# Water pan question



## bud1955 (Feb 4, 2012)

I have another unusual question.  (I guess I just am not very smart.) I have read alot on the use of water pans.  Use, don't use, water, play sand, cover the play sand, don't cover.

  I understand the idea of thermal mass and such. I do not know alot about it (like an engineer does), but I do understand it.

The question is:   Why not use water and then cover it?  You can still use another drip pan.

I would think the cover would slow down evporation and would not need to be filled up again. (Unsure about this idea, would have to experiment with it.)

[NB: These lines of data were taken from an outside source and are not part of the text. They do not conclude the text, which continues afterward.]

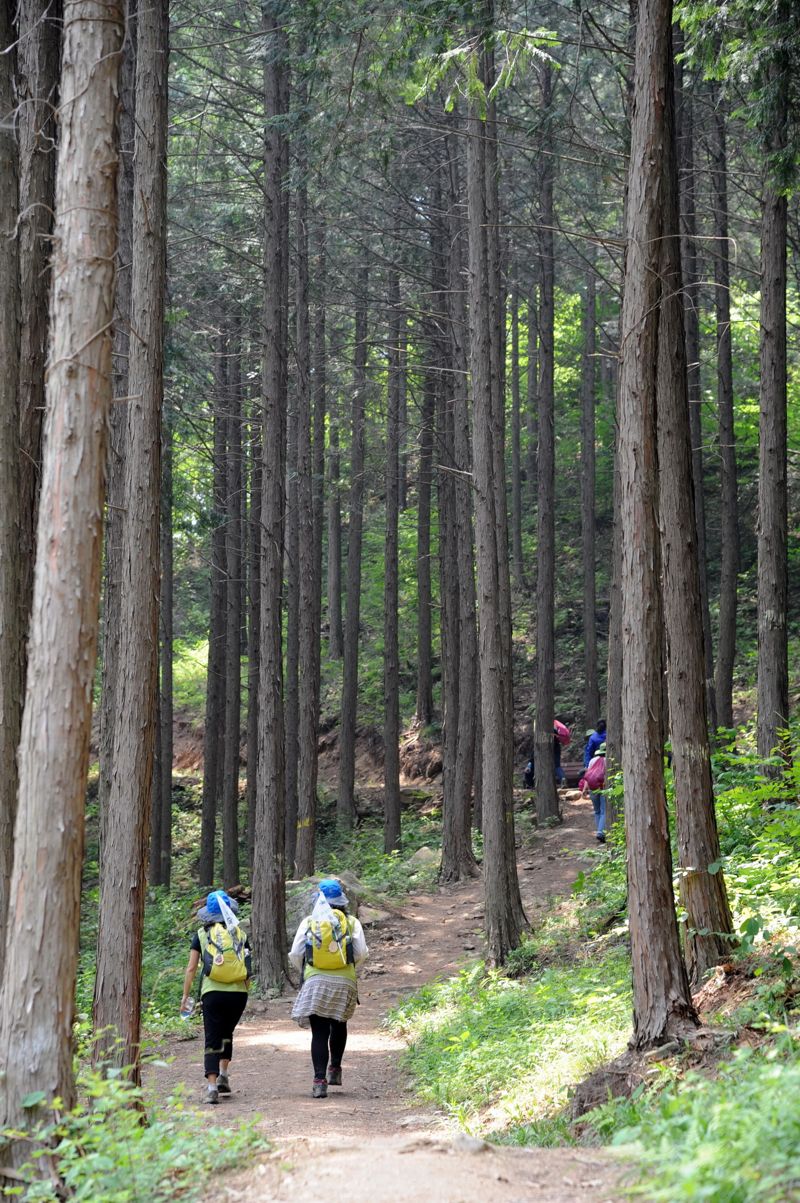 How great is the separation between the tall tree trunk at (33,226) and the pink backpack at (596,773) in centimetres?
1282

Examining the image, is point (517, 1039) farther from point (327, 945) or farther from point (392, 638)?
point (392, 638)

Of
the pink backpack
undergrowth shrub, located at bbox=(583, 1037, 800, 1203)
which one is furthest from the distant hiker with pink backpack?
undergrowth shrub, located at bbox=(583, 1037, 800, 1203)

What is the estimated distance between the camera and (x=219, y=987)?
32.3 ft

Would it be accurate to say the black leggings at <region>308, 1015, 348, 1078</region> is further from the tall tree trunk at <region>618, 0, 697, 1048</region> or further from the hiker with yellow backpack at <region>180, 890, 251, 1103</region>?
the tall tree trunk at <region>618, 0, 697, 1048</region>

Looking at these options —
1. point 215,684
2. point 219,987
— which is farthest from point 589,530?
point 219,987

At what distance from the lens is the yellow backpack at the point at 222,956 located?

So, is this a valid question or not?

Bud


----------



## rbranstner (Feb 4, 2012)

Yea I would think if you cover the water pan  it wouldn't evaporate as quickly. But a lot of times people are using the water pan to introduce moisture into their smoker so if it was covered they may not get what they are looking for.


----------



## graystratcat (Feb 4, 2012)

Hey Bud1955, you have an interesting question but here's my take on it.  If you did use a water pan but seal it enough so that no steam could escape, you're basically creating a potential bomb.  When water takes on heat (i.e. energy) that energy either has to be stored or transformed.  When water boils the heat energy from the charcoal, LP or electric unit is being transformed into the water.  As water gives off steam, that energy is again, being transformed. The Law Of Energy Conservation states, energy can not be created or destroyed...but it can be transformed.  Energy has a weird habit of no liking to be stored in certain circumstances - thus my reference to the steam bomb above. Typically every event of storing energy has a maximum..... OK, enough with the Physics lesson.. .LOL

With reference to the sand, I do think it makes a much better thermal mass for storing heat (energy) and I've quit using water... except for smoking sausage.  But I still us a water pan full of sand for the thermal mass when smoking sausage, but use a disposable aluminum pan above the water pan filled with sand that holds water.

Just my VH $0.02.

-Salt


----------



## SmokinAl (Feb 4, 2012)

I would think that the water boiling under the foil would just lift the foil up & the grease would spill into the fire. Sand is the easiest & cleanup is a breeze.


----------



## duanes (Feb 4, 2012)

Using water affects smoker temperature in two important ways.  The first is as discussed above in that it acts as a heat sink (like sand, stones, any other heat absorbing material).  Any of which help even out temperature fluctuations, especially when opening/closing smokers.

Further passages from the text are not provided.